Exercise data:
┌──

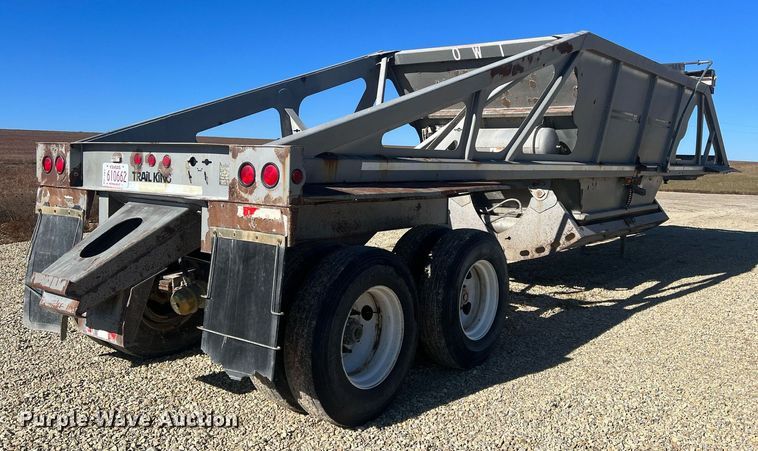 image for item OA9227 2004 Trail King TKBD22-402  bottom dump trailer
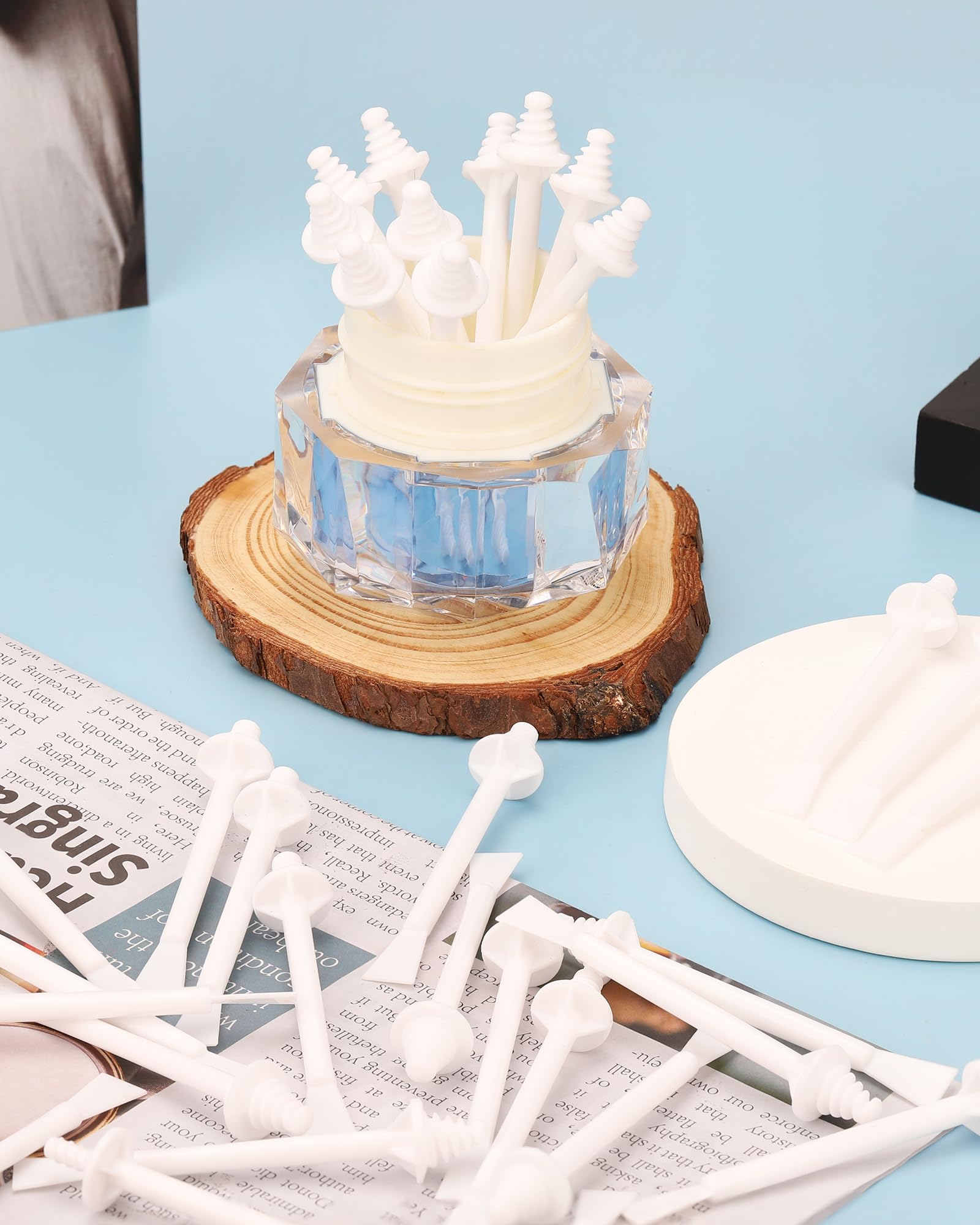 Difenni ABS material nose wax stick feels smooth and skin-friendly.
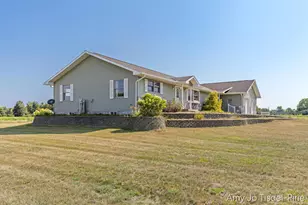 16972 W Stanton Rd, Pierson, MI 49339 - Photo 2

└──

Work item:
Leave out the pictures, and write out exactly the lines from the one containing "Difenni ABS material" through the last line of the listing, both included.

Written solution:
 Difenni ABS material nose wax stick feels smooth and skin-friendly.
 16972 W Stanton Rd, Pierson, MI 49339 - Photo 2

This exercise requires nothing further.